Een tweede element is de diepte: voor een gewone siervijver volstaat meestal 80 à 100 cm op het diepste punt. Zeker wanneer u siervissen wil, moet de vijver een diepte van minstens 80 cm hebben, voor koi’s nog meer. Ook sommige waterplanten, zoals de grotere variëteiten van waterlelies, moeten voldoende diep staan.

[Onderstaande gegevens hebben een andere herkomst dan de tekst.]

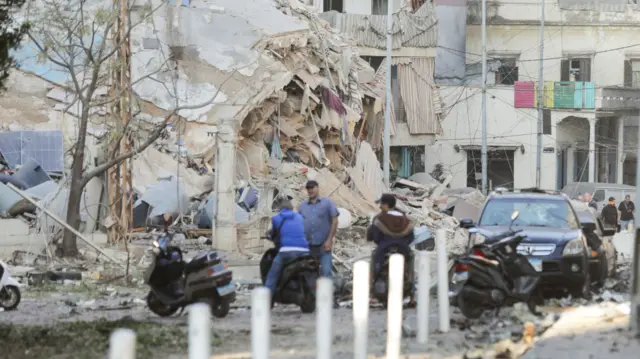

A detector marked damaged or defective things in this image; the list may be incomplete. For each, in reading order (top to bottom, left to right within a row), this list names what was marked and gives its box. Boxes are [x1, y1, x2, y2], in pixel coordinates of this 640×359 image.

broken window [496, 58, 520, 85]
broken window [564, 58, 592, 82]
broken window [624, 59, 640, 89]
damaged apartment building [312, 0, 444, 180]
damaged apartment building [428, 0, 640, 191]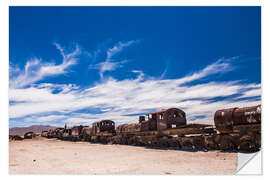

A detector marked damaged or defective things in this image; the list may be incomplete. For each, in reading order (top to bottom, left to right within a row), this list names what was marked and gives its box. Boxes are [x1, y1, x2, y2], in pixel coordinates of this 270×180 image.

Misschien wel het belangrijkste is de juiste ligging. Meestal verdient het aanbeveling om de vijver dicht bij de woning aan te leggen, zodat u ook ’s winters kunt genieten van het waterleven. Er is immers altijd iets te zien, of er nu zon is of regen, een vijver leeft altijd. Een zonnige plaats verdient meestal de voorkeur, zeker als u bloeiende planten zoals waterlelies wilt houden. De vijver zou minstens zes uur per dag in de zon moeten liggen. Te veel zonlicht kan echter zorgen voor algenbloei, zeker in ondiepe vijvers. Voor een koivijver kiest u het best een plekje in halfschaduw.

Vermijd ook hoge bomen rond de vijver waarvan de bladeren in de herfst in het water vallen. Dat geldt zeker voor bomen waarvan het blad veel looizuur bevat, zoals eiken en wilgen. Ook zijn sommige boombladeren min of meer giftig, denken we maar aan paardenkastanje, laurierkers, rododendron, taxus en gouden regen. Bomen kunnen de vijverfolie ook doorboren met hun zware wortels of grote vallende takken.

Zorg er ook voor dat de vijver afgesloten is voor kleine kinderen zodat ze er niet ongemerkt bij kunnen.
Ga na hoe het zit met de aan- en afvoer van water. Voor de aanvoer kunt u leidingwater gebruiken. Regenwater is arm aan mineralen en bevat mogelijk verontreinigingen uit de lucht. Het mag daarom niet rechtstreeks naar de vijver geleid worden. Een eerste keer vullen met bronwater is al evenmin een goed idee. Dit soort water bevat weinig zuurstof en kan in verschillende lagen van de ondergrond substanties opnemen die voor de bewoners van uw vijver soms schadelijk kunnen zijn.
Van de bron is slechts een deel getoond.